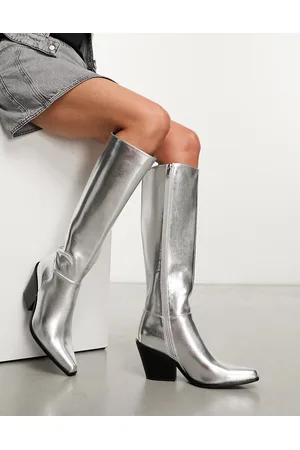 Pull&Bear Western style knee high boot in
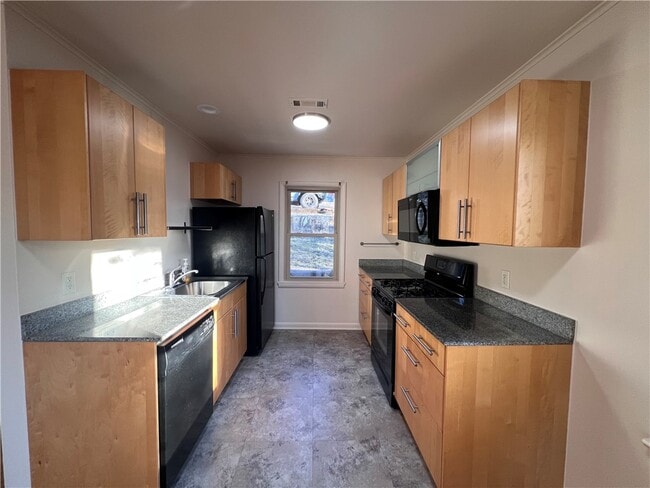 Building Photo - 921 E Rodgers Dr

########

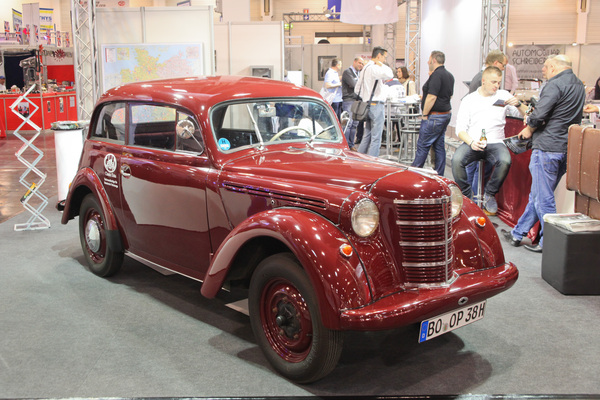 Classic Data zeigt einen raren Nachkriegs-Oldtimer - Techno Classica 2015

########

What you are asked to do >>
In the entries above, find the line with "Pull&Bear Western style knee high boot in" and the line with "Building Photo - 921 E Rodgers Dr". Return exactly those lines and all the ones between them, pictures excluded.

Reply to the exercise >>
 Pull&Bear Western style knee high boot in
 Building Photo - 921 E Rodgers Dr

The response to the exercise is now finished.